#### DATA FOR PROCESSING
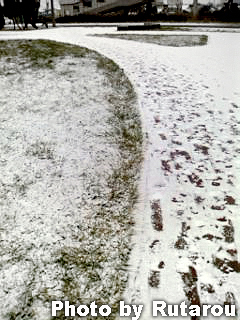 f:id:artfoods:20091203210045j:image:w150:right f:id:artfoods:20091203210045j:image:w150:right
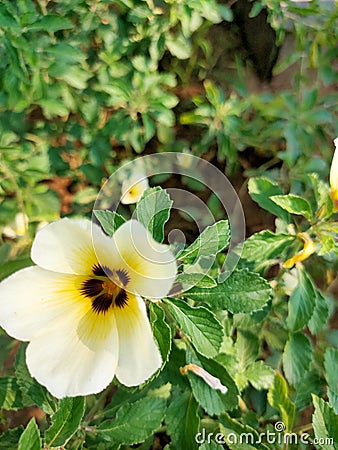 Holy rose - turnera subulata flower Stock Photo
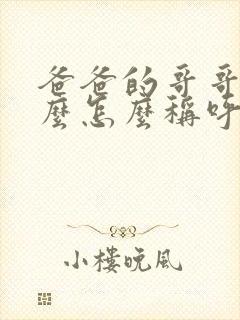 爸爸的哥哥叫什么怎么称呼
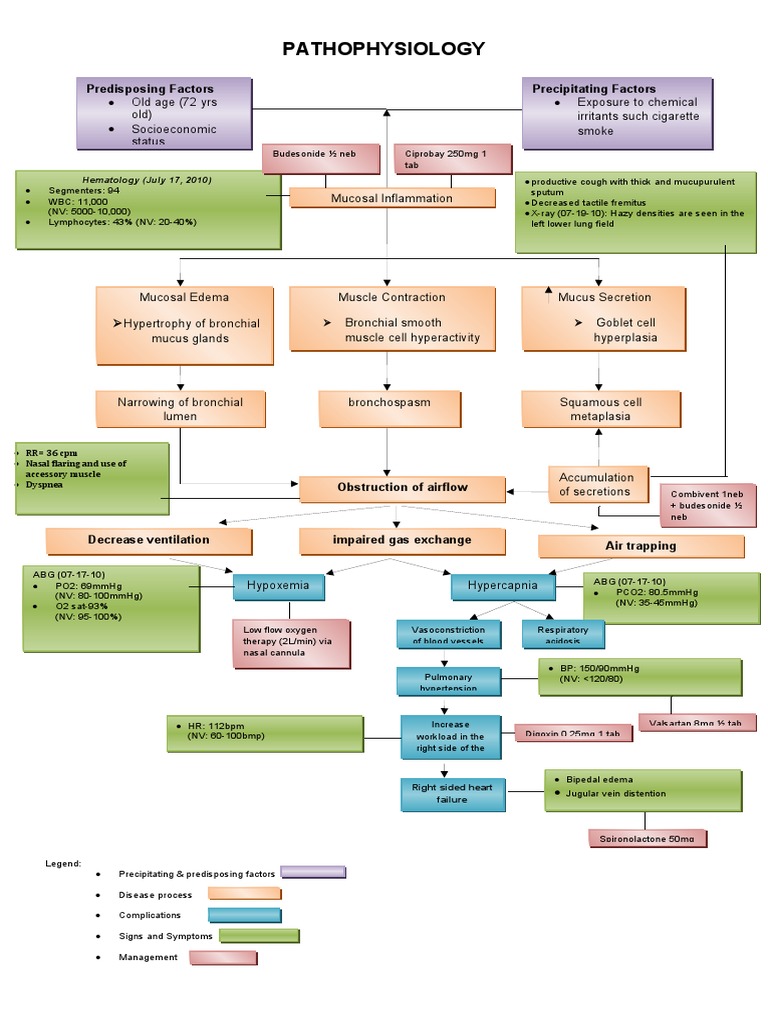 Copd pathophysiology diagram pdf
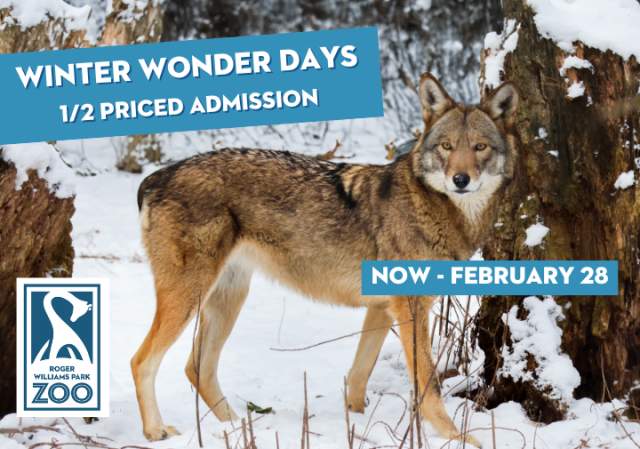 Winter Wonder Days - 1/2-Priced Admission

#### EXERCISE AIM
An exact reproduction of all the records is required, with no pictures included.

#### RESULT
 f:id:artfoods:20091203210045j:image:w150:right f:id:artfoods:20091203210045j:image:w150:right
 Holy rose - turnera subulata flower Stock Photo
 爸爸的哥哥叫什么怎么称呼
 Copd pathophysiology diagram pdf
 Winter Wonder Days - 1/2-Priced Admission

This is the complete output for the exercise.